Sei, desde a segunda classe, que não sou esperto que baste para nada de jeito. A garantia foi da professora Maria Arminda que, entre as reguadas exímias com que comummente me presenteava a seguir aos ditados, cantava na sua voz fininha e pouco reveladora do poder do seu bíceps, Para presidente só vai gente inteligente, hás-de ser varredor, e há-de ser por favor!
Da escola, para além do desenho das letras do meu nome, só me ficaram os números. Acabei por aprender à força de contar as reguadas, que Quem não souber quantas apanhou, vai apanhar a dobrar.
Gosto de pensar em mim como um contador de escadas, de dias e de pessoas. Isso é lá alguma coisa de jeito?, perguntou-me o Sr. Albino padeiro, Se varres, és varredor.
Entre os dias, conto os Domingos, que são quando fico em casa a ver televisão. Ver televisão é intervalar sestas com idas ao armário dos biscoitos e à janela da cozinha espreitar a hora do banho da Marília, filha do Sr.

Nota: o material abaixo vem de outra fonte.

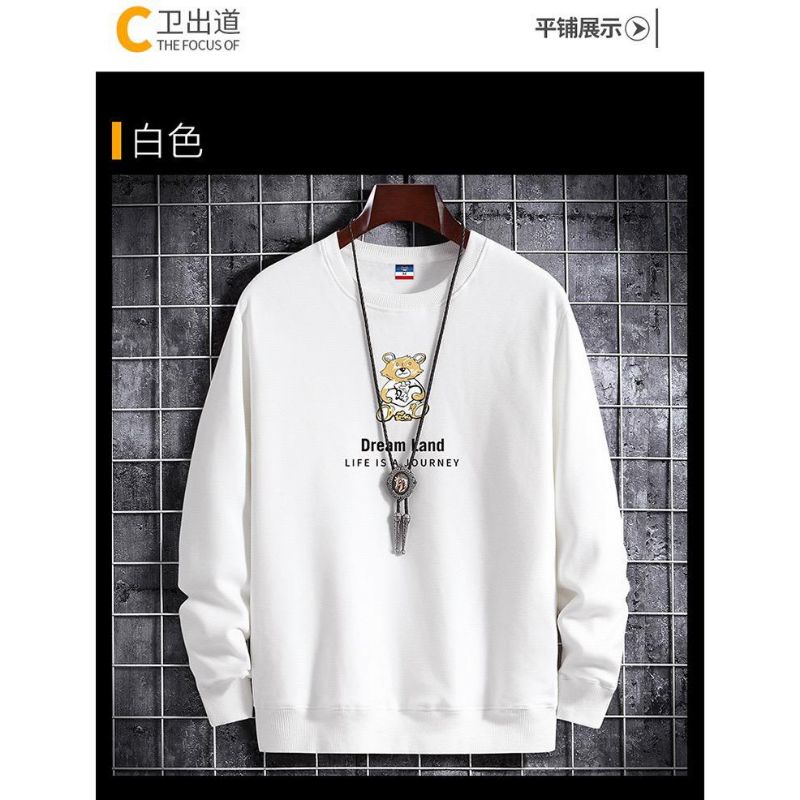 Sweater basic pria wanita DREAM LAND terbaru/ sweater crewneck pria wanita kekinian termurah kualitas distro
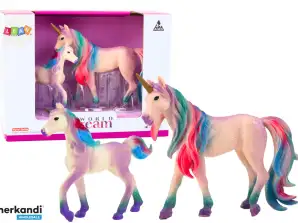 Unicorn Collectible Figurines with Small Purple 2 Pieces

Albino. Antes da minha avó morrer, criei o hábito de sair sempre a tempo de não perder o início da bola em casa dela, de onde voltava sempre com uma marmita cheia de sopa prá semana. Ando mais magro, mas ainda não sei se é por causa do Benfica ou se é pela falta que a sopa tem feito e, ao fim das tardes de Domingo, ainda parece que falta fazer qualquer coisa.
Além disso, faço contas aos dias em que há mais pessoas a pedir licença para descer as escadas que aquelas que não dizem nada, e aos dias em que acontece o contrário. As contas dos dias são iguais às contas das pessoas que me sorriem, portanto.
Os primeiros são uma soma fácil, apesar de eu fazer batota nas contas quando a Marília passa, conto-a quando desce e quando torna a subir, como se fossem duas. As contas aos outros já devem andar enganadas, que eu levei muitas reguadas, mas não a bastantes para números tão grandes.
As escadas, conto-as para me entreter. Nunca tinham sido tantas que eu não soubesse dar-lhe número, tirando na terça-feira, a primeira vez que varri a escadaria que vai da Fonte da Ribeira à Igreja Matriz. Bom dia Quim Janeiro, sorriu-me ela lá de cima, toda flores de tecido esvoaçantes, Porque é que estás aí parado a olhar para o degrau? Respondi-lhe num gaguejo que estava a contar as escadas, mas que não sabia se o número que vinha a seguir ao cinquenta e nove era o sessenta ou o setenta, que são muito parecidos. Sessenta, claro! Não devias contar degraus, devias era escutar o meu pai.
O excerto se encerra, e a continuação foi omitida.